**TASK INPUT**
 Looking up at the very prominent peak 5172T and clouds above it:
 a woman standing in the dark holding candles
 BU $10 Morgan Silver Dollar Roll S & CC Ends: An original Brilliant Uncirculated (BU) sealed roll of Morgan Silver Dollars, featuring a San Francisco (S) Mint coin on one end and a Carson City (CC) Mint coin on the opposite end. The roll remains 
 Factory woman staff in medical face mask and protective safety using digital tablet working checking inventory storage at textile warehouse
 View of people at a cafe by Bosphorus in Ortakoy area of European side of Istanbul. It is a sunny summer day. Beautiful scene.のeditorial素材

**WHAT THE EXERCISE ASKS**
Each line of the data that contains "woman" belongs in the answer.

**SOLUTION TO THIS PROBLEM**
 a woman standing in the dark holding candles
 Factory woman staff in medical face mask and protective safety using digital tablet working checking inventory storage at textile warehouse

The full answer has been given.